Satan had already fallen and been ejected from the Presence. He had already shown his disdain and hatred for God. God uses him, the fallen one, to test those He loves, beginning with Adam and Eve and extending to all people. He tests people’s love for Him. We cannot force anyone to love us but know when they do and when they do not. God will not force us to love Him but will strengthen our love for Him once we recognize its truth.

Now, notice the progression of thought in 1 John 2:

Do not love the world or the things in the world. If anyone loves the world, the love of the Father is not in him.

For all that is in the world —

the desires of the flesh

and the desires of the eyes

and pride in possessions

— is not from the Father but is from the world.

And the world is passing away along with its desires,

but whoever does the will of God abides forever. [1John 2:15-17 ESV]

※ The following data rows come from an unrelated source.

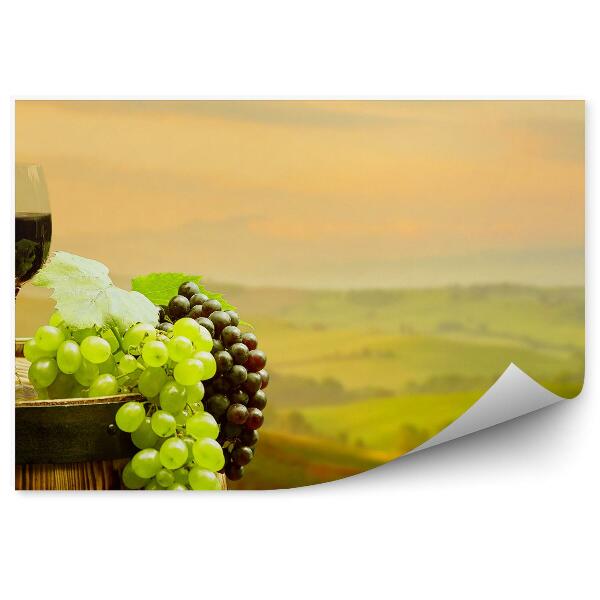 Fototapeta Toskánská krajina obraz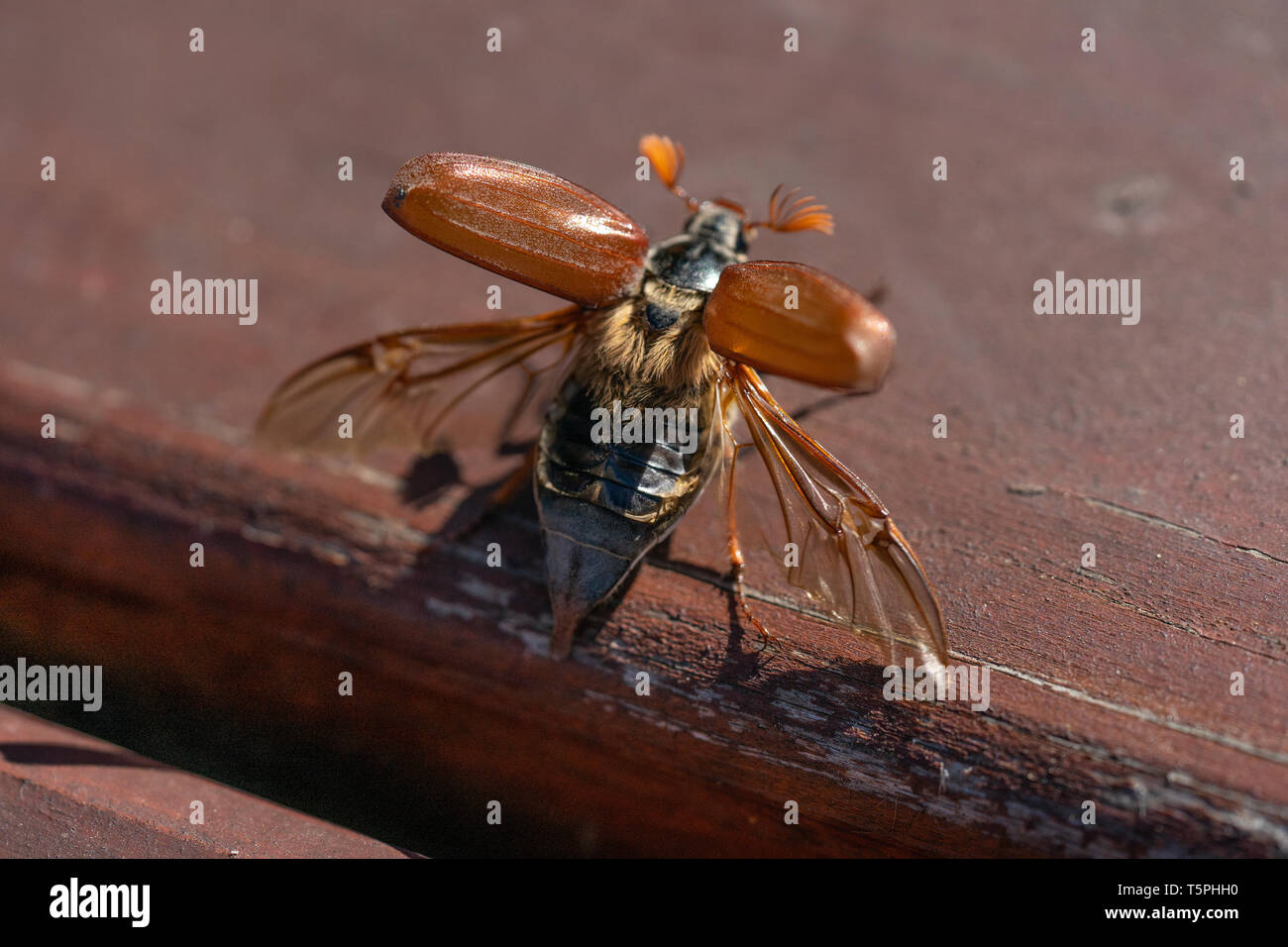 Maikäfer Stockfoto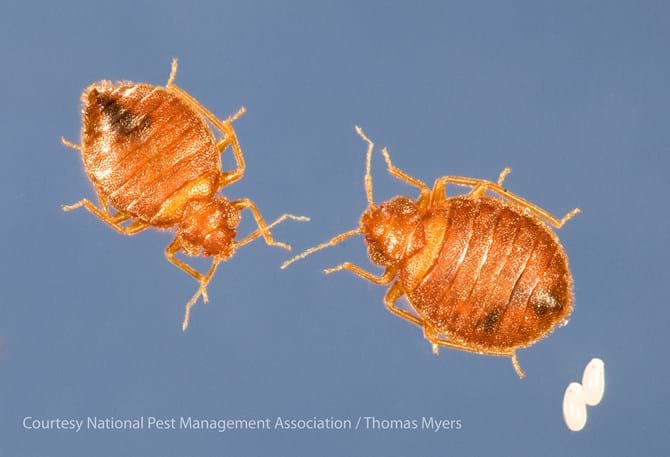 Detail Bed Bug Picture Nomer 36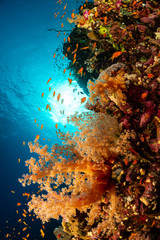 Canvas Print - typical Red Sea tropical reef with hard and soft coral surrounded by school of orange anthias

God showed His love for us through the death, burial and resurrection of His Son, whose blood covered our sin. When we see the extent of His love for us, recognize it and realize the consequences of it, we begin an intimate relationship with Him. Our relationship with Him grows as we fight and struggle to control sin. We have His strength in us under His control used by us for Him, to show our love for Him.

If we love anything in this world we do not love God. He tests us asking bluntly if we love Him more than we love the world. We must answer honestly and realize and recognize how strong is the tug and pull of the world, our own flesh and the lies of Satan. We cannot control the world and Satan. We do have, with God’s strength, the tools needed to fight and overcome our flesh.

We must not add to God’s truth our lies or the lies of the world. The only way to purge the lie is to have an intimate relationship with Truth.

Evidence and Conviction

Come to terms quickly with your accuser while you are going with him to court, lest your accuser hand you over to the judge, and the judge to the guard, and you be put in prison. Truly, I say to you, you will never get out until you have paid the last penny. [Matthew 5:25-26 ESV]

In these verses the word “accuser” means someone who has a justified claim or accusation against another. A “judge” is given the responsibility to uphold every law strictly. Finally, the “guard” is another delegated to carry out sentence.  Each has their place in the justice of God.  All consequences are determined by the violation of a law and rebellion against the One who gave the law.

In these verses the accuser is Jesus, the Creator of all and the Author of the Law. He is not the judge. That position is held by God, the Father, who will judge each man’s works according to the righteous life of His Son. Finally, the officer is the Holy Spirit who will carry out sentence, either guaranteeing our place before God or removing those who are not His from His presence.

God’s image in man comprises many elements. Some specific elements are the mind, or the intelligence, the moral-emotional being, or that which interprets the righteous and just standard of God, and the will. Our minds tell us to do something based on the evidence. Our moral-emotional self warns us of the danger of violating God’s known law. Yet, our corrupted nature suggests we use our intelligence and the moral-emotional to rationalize and excuse sin. Our will acts upon the thinking of our hearts. Rebellion involves the whole person.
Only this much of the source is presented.